The purpose of this book is to teach you how to do quantum mechanics. Apart from some essential
background in Chapter 1, the deeper quasi-philosophical questions are saved for the end. We do not believe
one can intelligently discuss what quantum mechanics means until one has a firm sense of what quantum
mechanics does. But if you absolutely cannot wait, by all means read the Afterword immediately after finishing
Chapter 1.
Not only is quantum theory conceptually rich, it is also technically difficult, and exact solutions to all but
the most artificial textbook examples are few and far between. It is therefore essential to develop special
techniques for attacking more realistic problems. Accordingly, this book is divided into two parts;1 Part I
covers the basic theory, and Part II assembles an arsenal of approximation schemes, with illustrative
applications. Although it is important to keep the two parts logically separate, it is not necessary to study the
material in the order presented here. Some instructors, for example, may wish to treat time-independent
perturbation theory right after Chapter 2.
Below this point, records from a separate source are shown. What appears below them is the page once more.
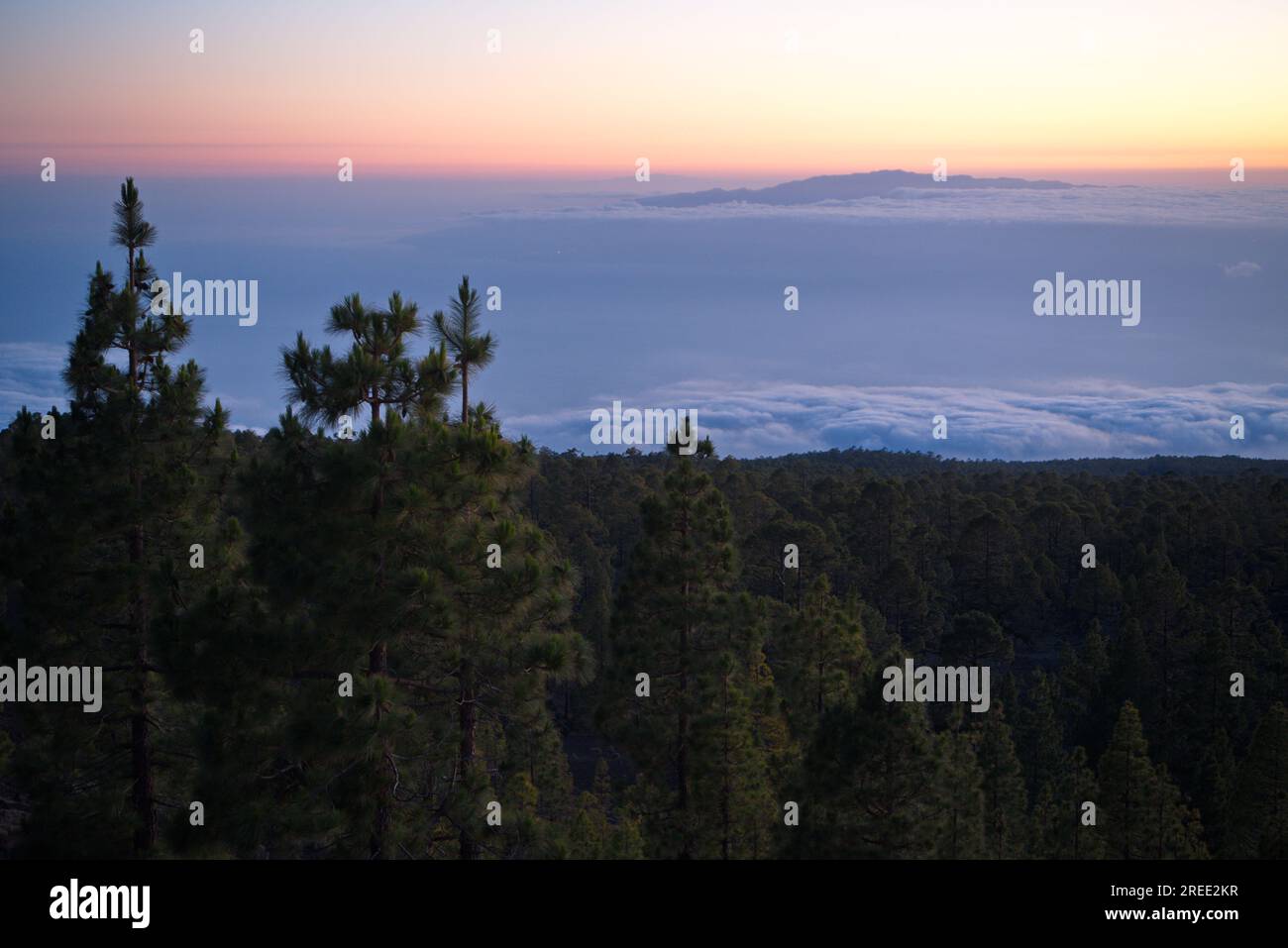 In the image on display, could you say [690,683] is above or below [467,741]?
below

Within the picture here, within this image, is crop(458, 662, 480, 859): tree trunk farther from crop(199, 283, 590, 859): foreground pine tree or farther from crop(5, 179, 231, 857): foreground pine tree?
crop(5, 179, 231, 857): foreground pine tree

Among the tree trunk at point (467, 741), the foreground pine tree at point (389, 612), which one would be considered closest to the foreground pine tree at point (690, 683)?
the foreground pine tree at point (389, 612)

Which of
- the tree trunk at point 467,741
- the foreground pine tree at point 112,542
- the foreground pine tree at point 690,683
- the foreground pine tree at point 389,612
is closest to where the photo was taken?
the foreground pine tree at point 389,612

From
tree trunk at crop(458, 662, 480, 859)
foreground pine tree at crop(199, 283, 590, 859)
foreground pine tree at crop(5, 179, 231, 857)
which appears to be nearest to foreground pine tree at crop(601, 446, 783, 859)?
foreground pine tree at crop(199, 283, 590, 859)

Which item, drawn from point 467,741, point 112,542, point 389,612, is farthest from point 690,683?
point 112,542

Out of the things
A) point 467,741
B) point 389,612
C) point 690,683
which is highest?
point 389,612

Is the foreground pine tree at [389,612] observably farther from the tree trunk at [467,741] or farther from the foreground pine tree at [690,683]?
the foreground pine tree at [690,683]

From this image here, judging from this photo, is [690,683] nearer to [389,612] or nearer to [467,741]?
[467,741]

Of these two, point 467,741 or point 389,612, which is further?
point 467,741

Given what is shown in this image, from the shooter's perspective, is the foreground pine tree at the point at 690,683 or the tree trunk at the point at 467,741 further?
the foreground pine tree at the point at 690,683

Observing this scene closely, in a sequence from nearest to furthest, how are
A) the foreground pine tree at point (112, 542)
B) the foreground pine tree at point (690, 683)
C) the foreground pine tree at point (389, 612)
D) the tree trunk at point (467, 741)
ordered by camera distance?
the foreground pine tree at point (389, 612), the tree trunk at point (467, 741), the foreground pine tree at point (112, 542), the foreground pine tree at point (690, 683)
This book is intended for a one-semester or one-year course at the junior or senior level. A one-semester
course will have to concentrate mainly on Part I; a full-year course should have room for supplementary
material beyond Part II. The reader must be familiar with the rudiments of linear algebra (as summarized in
the Appendix), complex numbers, and calculus up through partial derivatives; some acquaintance with Fourier
analysis and the Dirac delta function would help. Elementary classical mechanics is essential, of course, and a
little electrodynamics would be useful in places. As always, the more physics and math you know the easier it
will be, and the more you will get out of your study. But quantum mechanics is not something that flows
smoothly and naturally from earlier theories. On the contrary, it represents an abrupt and revolutionary
departure from classical ideas, calling forth a wholly new and radically counterintuitive way of thinking about
the world. That, indeed, is what makes it such a fascinating subject.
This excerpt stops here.